色選びを発端にご近所との関係が悪化してしまうということも考えられるので、景観についてはしっかり考慮するようにしましょう。
色見本の面積効果
外壁の色を選ぶ際の参考になるよう、塗料メーカーは色見本を作っています。しかし、この色見本が実はけっこうくせ者です。色見本は小さいため、外壁に塗装すると見え方が少し変わってしまうのです。これを「面積効果」と呼びます。たとえば、色見本で気に入った色を外壁に塗ると、ダークな色はよりダークに、ライトな色はよりライトに見えるようになります。そのため、色見本をチェックするときは、塗装業者になるべく大きな色見本を用意してもらうか、試し塗りしてもらうといいでしょう。
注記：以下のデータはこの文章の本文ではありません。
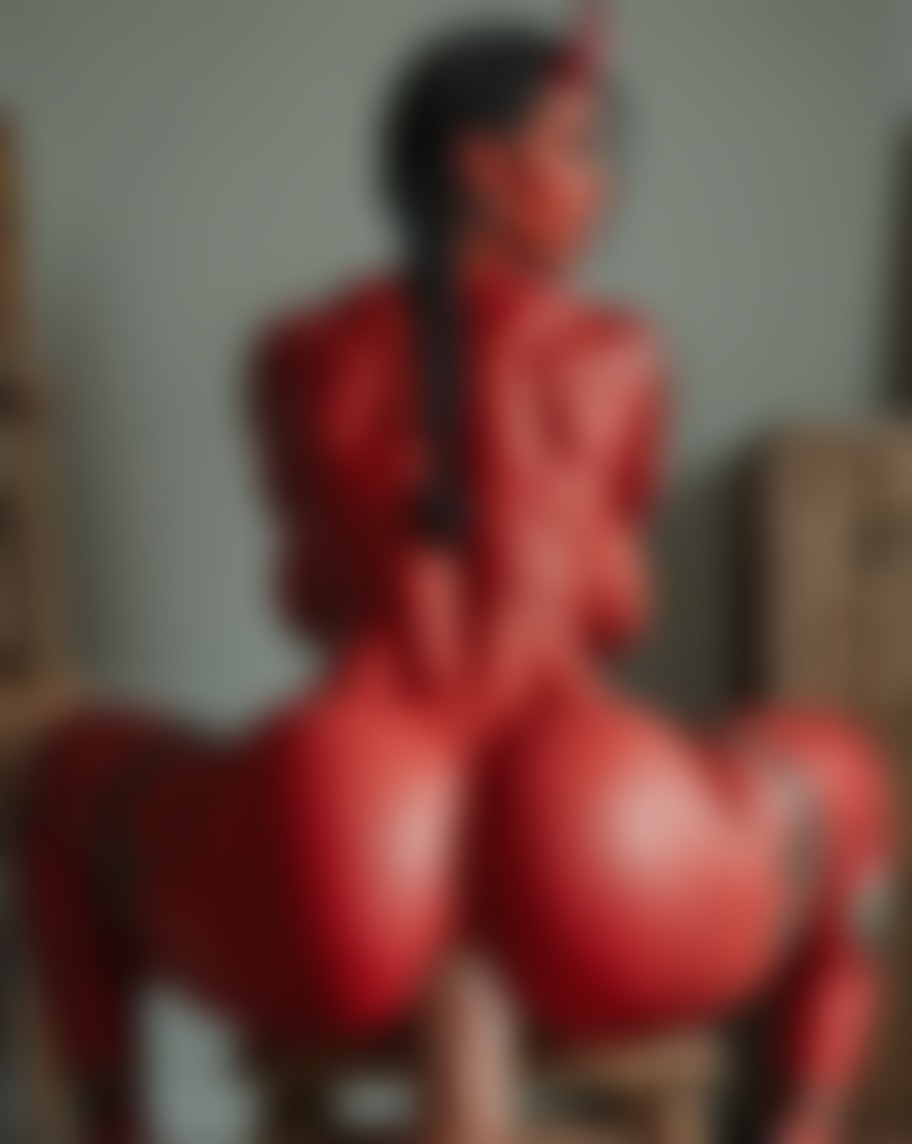 Aurlie Laurent — AI persona on XManias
また、外壁の色は時間帯によって見え方が異なります。たとえば、午前中の外壁と夕方の外壁は違った感じに見えます。光の当たり方や天気の違いで外壁は違った雰囲気に見えるため、さまざまな条件下で色をチェックするとより安心できるでしょう。
塗料の艶
塗料を選ぶ際、色のことばかり考えてしまう方が多いのですが、実はもうひとつ重要なことがあります。それは「艶」です。
艶には、「つや消し(マット)」3分ツヤ」「5分ツヤ」「7分ツヤ」「ツヤあり」の5種類に分類されます。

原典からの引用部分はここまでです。